It came as rather a shock to find out that the UK no longer makes ammonia after CF Fertilisers’ decision last month to permanently close its ammonia production on Teeside. MSM has the details. Sadly, given its economic significance, there was no mainstream TV news coverage.
CF Fertilisers is the British subsidiary of the US-based CF Industries and remains the only domestic producer of ammonium nitrate fertiliser which it makes from ammonia. It said that the decision was made in response to the UK’s high gas prices, which meant the plant could no longer be “cost-competitive”. This is completely in line with the Ricardian principle of comparative advantage. CF intends to continue to produce ammonium nitrate and nitric acid at the site, but will use ammonia imported from the USA or from anywhere where hydrogen is cheap(ish) to do this.
As all chemistry students know ammonia is produced by reacting hydrogen and nitrogen over a catalyst at a high temperature and pressure in the Haber Bosch process.
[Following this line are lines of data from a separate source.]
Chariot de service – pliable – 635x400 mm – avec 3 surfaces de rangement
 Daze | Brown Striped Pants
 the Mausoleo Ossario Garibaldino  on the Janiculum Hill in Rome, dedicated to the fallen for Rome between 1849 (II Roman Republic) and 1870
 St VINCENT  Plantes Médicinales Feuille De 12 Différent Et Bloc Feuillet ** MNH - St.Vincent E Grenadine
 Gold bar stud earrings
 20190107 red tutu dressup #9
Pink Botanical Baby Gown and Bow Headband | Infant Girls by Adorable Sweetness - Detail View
The nitrogen comes from the air, but the hydrogen comes from natural gas which is much more expensive here than in the US – or the Gulf.
So here we are, reliant on the self-interest of strangers once again to sell stuff to us. But that’s capitalism for you, with self-interest lying at its very heart. This is one of the reasons for capitalism's success its supporters say, often adding that self-interest can be more reliable in commerce than solidarity could ever be.
The decision by CF has implications for our carbon accounting and balance of payments. The hydrogen CF used to make from North sea methane will no longer be accounted for here, but elsewhere, so we'll seem to be marginally more carbon-virtuous than before. This is a small positive to offset the extra cost of all that imported ammonia which we're paying for in dollars.